We must focus not merely on punishment, but the deep-rooted social sickness which causes these crimes
Despite recent nationwide protests against rape and sexual violence, and despite assurances from the government, the sordid reality of our society remains that such crimes are still taking place as much as ever.
Rarely is there a day when some horrific incident of rape, or sexual assault, or gender-based violence, is not in the news. The stories speak for themselves: A 26-year-old man was arrested for rape and blackmail in Gazipur. In Comilla, in the meantime, a Madrasa teacher has been held for sexually harassing students.

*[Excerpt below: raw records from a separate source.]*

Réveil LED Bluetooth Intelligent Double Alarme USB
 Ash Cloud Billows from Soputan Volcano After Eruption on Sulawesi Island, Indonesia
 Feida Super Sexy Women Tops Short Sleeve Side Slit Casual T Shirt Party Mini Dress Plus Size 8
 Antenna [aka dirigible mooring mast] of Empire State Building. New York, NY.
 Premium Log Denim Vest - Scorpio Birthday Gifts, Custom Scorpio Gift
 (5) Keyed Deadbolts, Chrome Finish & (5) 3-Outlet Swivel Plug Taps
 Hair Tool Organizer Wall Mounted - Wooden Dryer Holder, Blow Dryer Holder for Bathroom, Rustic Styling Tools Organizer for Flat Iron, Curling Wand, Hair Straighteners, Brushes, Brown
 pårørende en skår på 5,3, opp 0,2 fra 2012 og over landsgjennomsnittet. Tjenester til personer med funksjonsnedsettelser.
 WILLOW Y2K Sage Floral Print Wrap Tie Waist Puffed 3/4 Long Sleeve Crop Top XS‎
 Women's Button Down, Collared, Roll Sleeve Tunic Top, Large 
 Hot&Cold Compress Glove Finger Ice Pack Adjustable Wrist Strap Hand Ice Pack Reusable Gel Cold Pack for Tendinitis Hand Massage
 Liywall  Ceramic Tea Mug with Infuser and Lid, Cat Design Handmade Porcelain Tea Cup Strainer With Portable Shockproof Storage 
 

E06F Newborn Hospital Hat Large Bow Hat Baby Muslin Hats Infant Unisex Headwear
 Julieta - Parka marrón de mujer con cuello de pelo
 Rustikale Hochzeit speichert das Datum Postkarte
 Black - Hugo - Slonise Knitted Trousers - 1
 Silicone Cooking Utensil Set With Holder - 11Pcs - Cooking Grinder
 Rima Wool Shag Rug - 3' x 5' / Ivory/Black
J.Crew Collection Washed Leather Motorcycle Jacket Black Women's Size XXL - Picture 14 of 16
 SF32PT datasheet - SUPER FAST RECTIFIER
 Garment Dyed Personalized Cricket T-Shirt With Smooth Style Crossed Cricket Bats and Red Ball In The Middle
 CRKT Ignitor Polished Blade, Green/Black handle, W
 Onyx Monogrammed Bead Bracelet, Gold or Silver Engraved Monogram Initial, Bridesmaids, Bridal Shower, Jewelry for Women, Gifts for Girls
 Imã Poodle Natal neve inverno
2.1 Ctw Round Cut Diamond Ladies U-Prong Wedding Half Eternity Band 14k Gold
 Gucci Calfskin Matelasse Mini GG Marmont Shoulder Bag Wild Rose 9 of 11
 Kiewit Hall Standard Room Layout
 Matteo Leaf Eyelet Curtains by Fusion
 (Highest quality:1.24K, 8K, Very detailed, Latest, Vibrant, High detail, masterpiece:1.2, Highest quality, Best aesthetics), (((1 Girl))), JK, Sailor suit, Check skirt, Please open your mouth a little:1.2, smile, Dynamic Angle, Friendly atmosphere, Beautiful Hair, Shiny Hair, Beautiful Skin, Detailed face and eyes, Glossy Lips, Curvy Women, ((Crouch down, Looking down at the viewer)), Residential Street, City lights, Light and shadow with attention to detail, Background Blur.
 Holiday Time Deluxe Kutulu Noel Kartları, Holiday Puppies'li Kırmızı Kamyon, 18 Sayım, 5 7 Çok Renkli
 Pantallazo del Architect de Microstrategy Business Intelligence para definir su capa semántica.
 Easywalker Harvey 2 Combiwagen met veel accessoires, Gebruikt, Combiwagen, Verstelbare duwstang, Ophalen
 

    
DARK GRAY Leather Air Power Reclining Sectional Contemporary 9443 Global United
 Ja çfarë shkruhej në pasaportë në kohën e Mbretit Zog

Incidents like this are happening all over the country, all the time. With the nation making so many advancements in so many areas, with large-scale projects going ahead at full speed, the question needs to be asked: Why are we still unable to curb sexual violence? The question here is not merely one of enforcement of law after the crime, but also one of why they are happening in the first place.
It is, of course, of utmost importance to hand down the highest punishment to an abuser or rapist. This achieves little, however, to console the victim, who has already been subjected to a traumatizing experience from which they may never fully heal. We must focus not merely on punishment, but the deep-rooted social sickness which causes these crimes to take place with such alarming frequency.
After the recent protests, the government responded by introducing the death penalty for rapists. Once again, we focused on punishment rather than prevention. It is high time we went back to the source of the problem, and fought these toxic attitudes that for too long have showed no signs of abating. This battle is long and hard, one we cannot win through legal short-cuts.